電子書籍をシステム手帳に書き写す

電子で買った本も基本的にはマーカーを引いておいて、あとでA5のシステム手帳にその部分を書き写している。そのためにA5サイズのシステム手帳を買った。自分の興味のある分野はバイブルサイズという一段階小さいサイズのシステム手帳に情報を集めていたのだが、別にそうでもない分野だったり、稀にする全く関係のない、読書のための読書なんかは、マーカーを引いたり付箋を貼っておいてそのままにしてあった。それがもったいないと思ったので、「それ以外」とも言うべき本に関しては全部A5の大きなシステム手帳に抜書をしておいている。
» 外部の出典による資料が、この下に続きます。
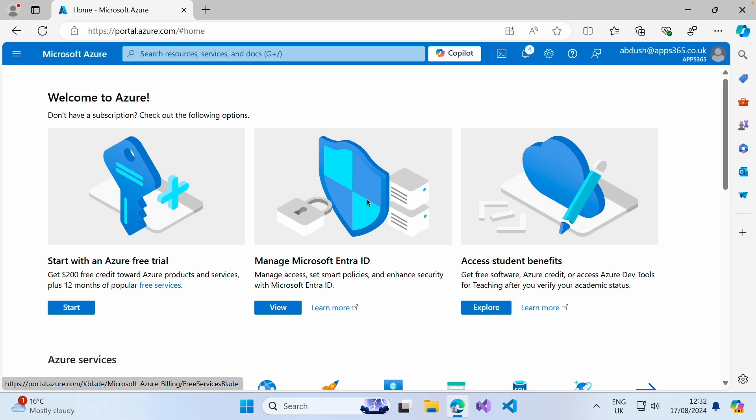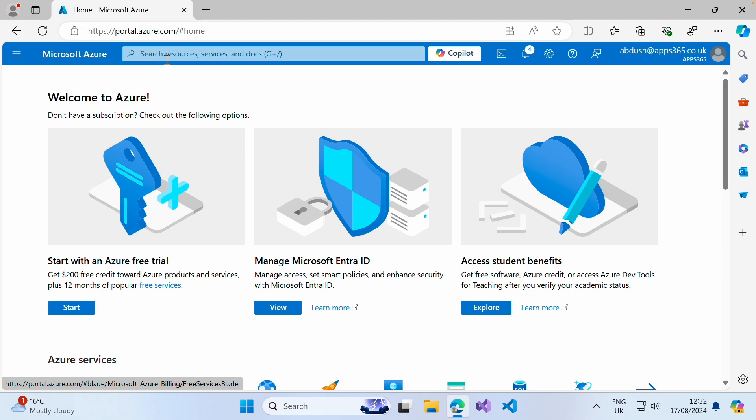In this video, we are going to create an Azure B2C custom policy whereby this will allow local accounts within your Azure B2C directory to sign into your application. Your application may be an AngularJS application, a ReactJS application, or a simple JavaScript application. In order to do this, the first thing we have to do is register an application which would act as your front-end application.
電子で買ったものをわざわざ紙に変換している、と言えるかもしれない。でも電子というのは性質上物質として存在しえないものなので、どうしても記憶に残りづらい。買ったことすら覚えていない本というのも多数存在する。GUI上に表示される外観というものは存在するが、文庫本も四六判の本も雑誌も、本を選ぶ画面では全て同じ大きさのアイコンで表示され、数百ページの分厚い本も、百数十ページの薄い本も、外側からは判別することができない。質量は存在せず、わずかな外観も均質的なのである。

別にその本を開けば、マーカーを引いた箇所に一発で飛ぶことができる。うろ覚えの断片をすぐに確認しに行ける。それでも手帳に書き写すのは入れ替え可能なシステム手帳だからである。電子になってくれない本も同じサイズのシステム手帳のリフィルに抜書することで、電子書籍とはいわば逆の方向の均質化が起こる。そしてそれらの抜書を、任意の順番に並べ替えることができる。著書の50音順に並べることもできるし、読んだ順番に並べ替えることもできる。その本の中でさえ任意に並べ替えることもできる。
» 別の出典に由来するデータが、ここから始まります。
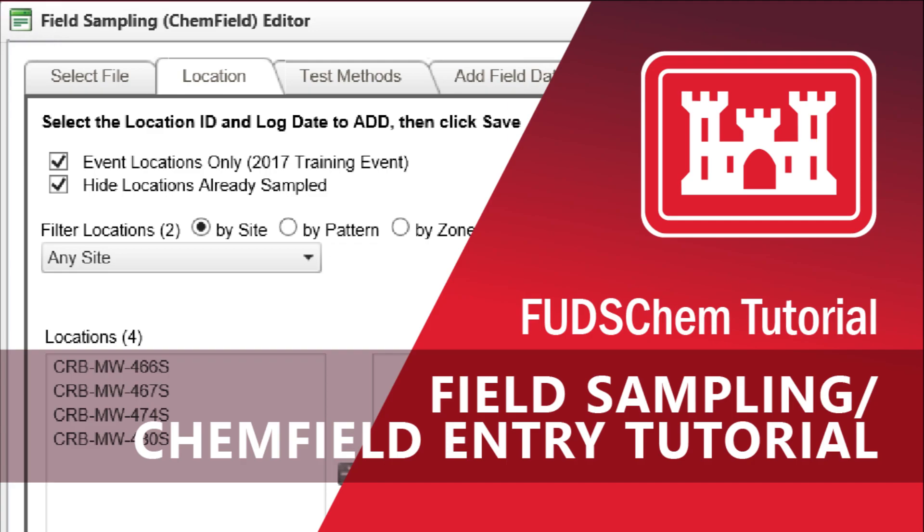We will also go over how to generate pre-populated CoCs and bottle labels to take into the field.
こう書くと大層なことをしているように見えるけど、やっていることは『思考の整理学』とか『知的生産の技術』で書かれている、柳田国男の時代から行われていることと大して変わりはしない。ただ本の内容をシステム手帳という綴じられるカードに書き写しているだけなのだから。ただ、質量もページをめくるという行為もなく、ただディスプレイのうえを目を滑らせながらマウスを叩くだけで流れていく電子書籍に関しては、「書き写す」という行為は紙の本に比べてより強力なツールになるのではいかと思っている。

ちなみに書き写している時間は割と虚無である。ただし、万年筆を使うためだと思えば悪い行為ではない。